Hasso-Plattner-Institut
Prof. Dr. Felix Naumann
 

17.02.2022

Second and third PVLDB paper accepted

We are happy to announce the acceptance of two PVLDB papers, a first one was accepted in November.

 

Entity Resolution On-Demand

Giovanni Simonini, Luca Zecchini, Sonia Bergamaschi (Università degli Studi di Modena e Reggio Emilia, Italy), Felix Naumann

PVLDB, 2022

https://vldb.org/2022/

 

Entity Resolution (ER) aims to identify and merge records that refer to the same real-world entity. ER is typically employed as an expensive cleaning step on the entire data before consuming it. Yet, determining which entities are useful once cleaned depends solely on the user's application, which may need only a fraction of them. For instance, when dealing with Web data, we would like to be able to filter the entities of interest gathered from multiple sources without cleaning the entire, continuously-growing data. Similarly, when querying data lakes, we want to transform data on-demand and return the results in a timely manner - a fundamental requirement of ELT (Extract-Load-Transform) pipelines.

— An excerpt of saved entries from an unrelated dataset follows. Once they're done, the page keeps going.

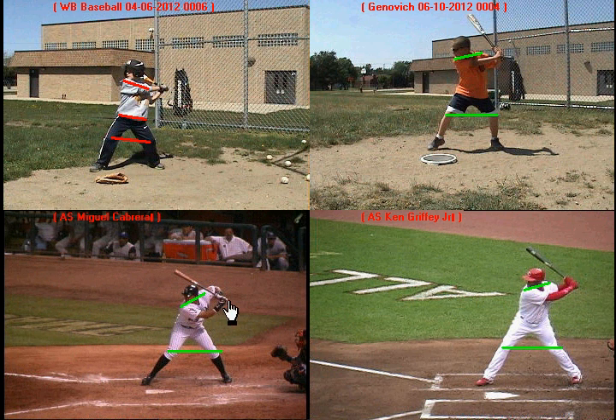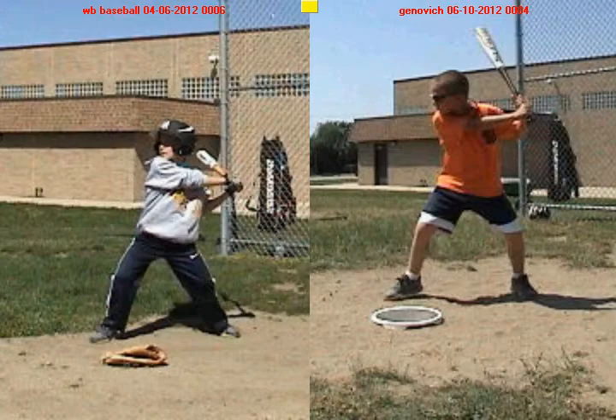You're one step closer to being that fantastic hitter that you want to be. In the next video we'll break down some more parts of your swing, but I just wanted to start with the athletic position because it looks great.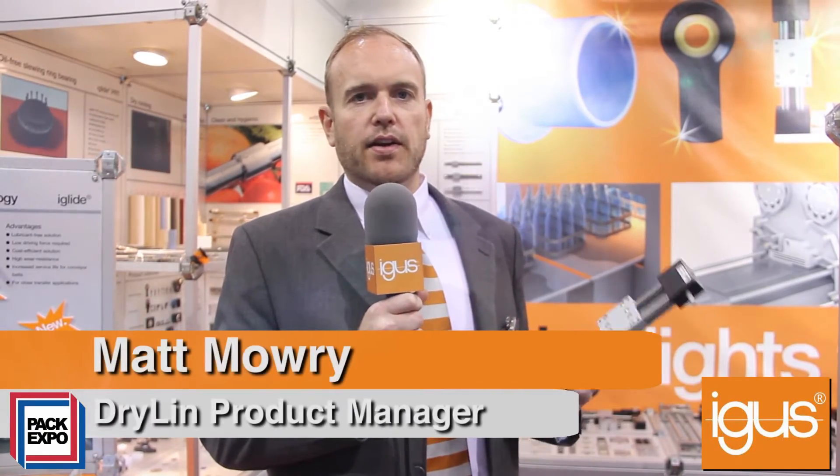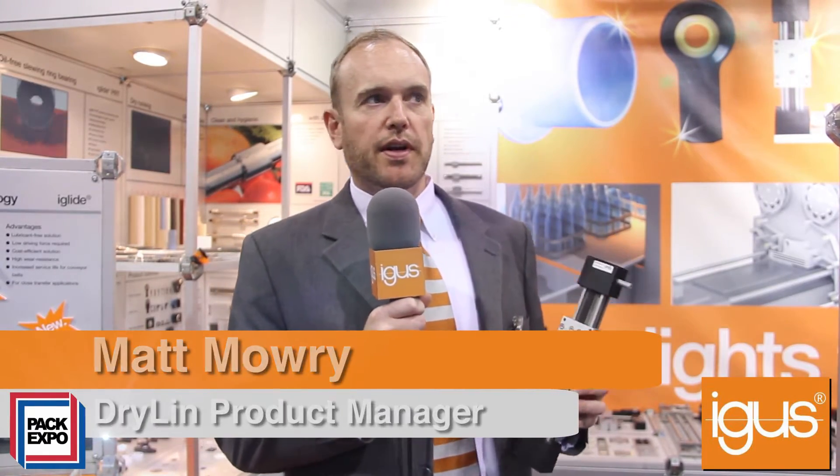Hi, my name is Matt Mowry, Dryland Linear Bearing Product Manager for Aigus Incorporated, here today at PAC Expo 2013 in Las Vegas.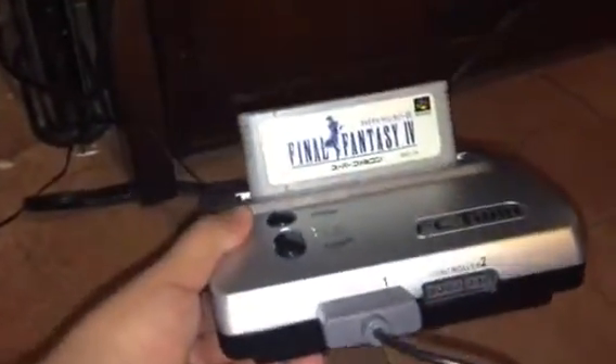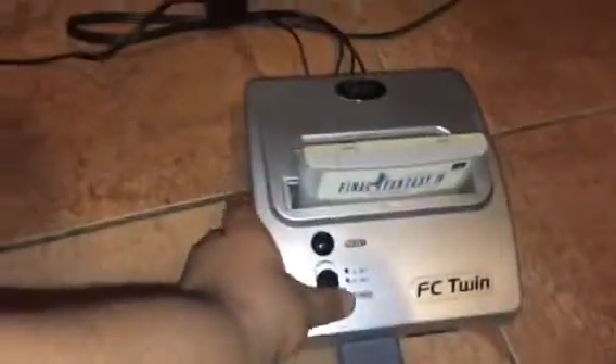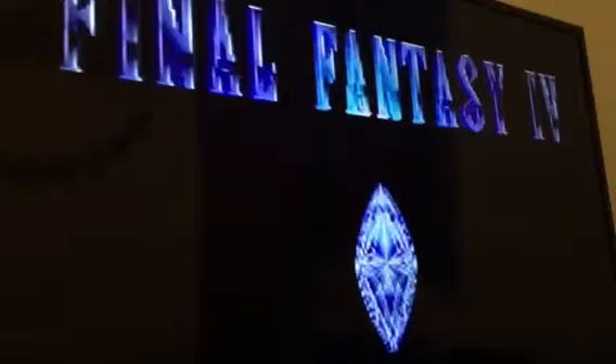D-Bit 192 here, back again. As you can see, I got it set up. Let's try this — put the card in. Final Fantasy, and it boots up.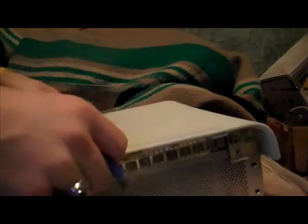This does void your warranty if you do this, so if you don't want to void your warranty, don't do it. You guys will know this, but I cannot be held responsible for what you do to your Xbox.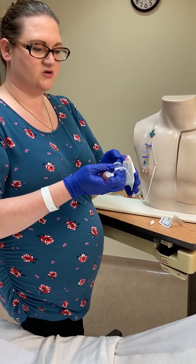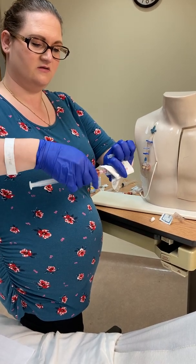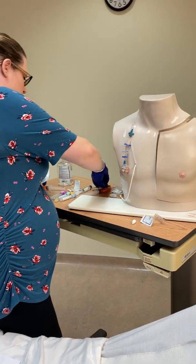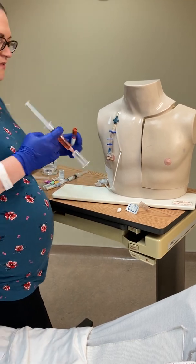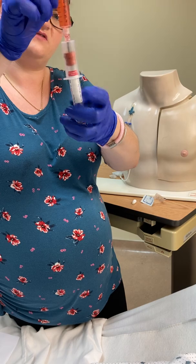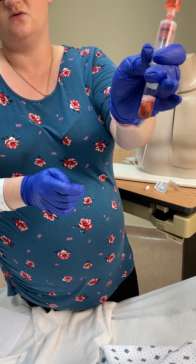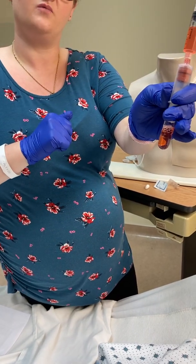Get your blood transfer device ready and set the test tube nearby. Transfer the blood using the vacutainer — the vacuum will pull the blood down into the tube on its own, and it will stop filling once the negative pressure is gone.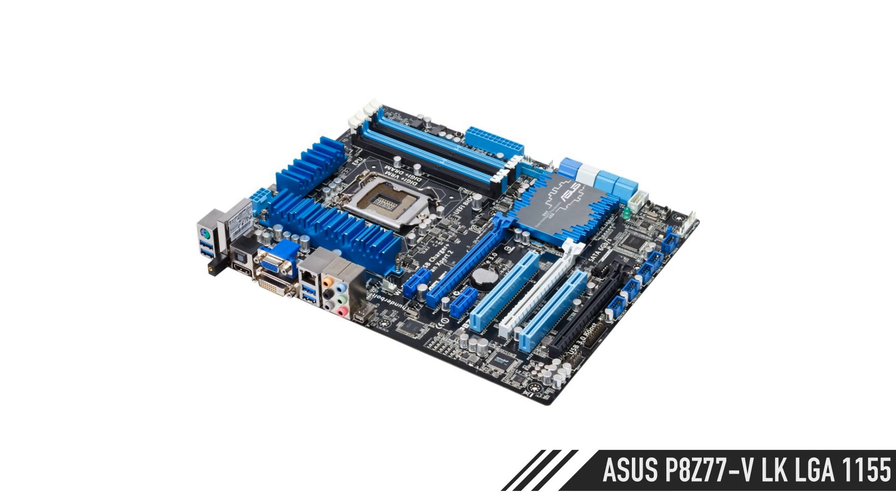For the motherboard, the Asus P8 Z77-VLK — that's a Z77 motherboard. It's loaded, it's got everything you need. In that price range, around $139, you're going to get a lot of motherboard. You can spend more money, but you won't get much more speed. It's got DigiVRM. It's an Asus, so it's nice.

We propose BrewER, a framework to evaluate SQL SP queries on dirty data while progressively returning results as if they were issued on cleaned data. BrewER tries to focus the cleaning effort on one entity at a time, following an ORDER BY predicate. Thus, it inherently supports top-k and stop-and-resume execution. For a wide range of applications, a significant amount of resources can be saved. We exhaustively evaluate and show the efficacy of BrewER on four real-world datasets.

 

 

Detecting Layout Templates in Complex Multiregion Files

Gerardo Vitagliano, Lan Jiang, Felix Naumann

PVLDB, 2022

https://vldb.org/2022/

 

Spreadsheets are among the most commonly used file formats for data management, distribution, and analysis. Their widespread employment makes it easy to gather large collections of data, but their flexible canvas-based structure makes automated analysis difficult without heavy preparation. One of the common problems that practitioners face is the presence of multiple, independent regions in a single spreadsheet, possibly separated by repeated empty cells. We define such files as “multiregion” files. In collections of various spreadsheets, we can observe that some share the same layout. We present the Mondrian approach to automatically identify layout templates across multiple files and systematically extract the corresponding regions. Our approach is composed of three phases: first, each file is rendered as an image and inspected for elements that could form regions; then, using a clustering algorithm, the identified elements are grouped to form regions; finally, every file layout is represented as a graph and compared with others to find layout templates. We compare our method to state-of-the-art table recognition algorithms on two corpora of real-world enterprise spreadsheets. Our approach shows the best performances in detecting reliable region boundaries within each file and can correctly identify recurring layouts across files.

 

 

Fast Constraint-based Error Detection

Eduardo H. M. Pena, Eduardo C. de Almeida, Felix Naumann

PVLDB, 2022

https://vldb.org/2022/

 

The detection of constraint-based errors is a critical task in many data cleaning solutions. Previous works perform the task either using traditional data management systems or using specialized systems that speed up error detection. Unfortunately, both approaches may fail to execute in a reasonable time or even exhaust the available memory in the attempt. To address the main drawbacks of previous approaches, we present the FAst Constraint-based Error DeTector (FACET) to detect violations of denial constraints (DCs). FACET uses column sketch information to organize a pipeline of special operators for DC predicates and it implements these operators using a set of efficient algorithms and data structures that adapt to different data characteristics and predicate structures. We evaluate our system on a diverse array of datasets and constraints, showing its robustness and performance gains compared to different types of DBMSs and to a specialized system.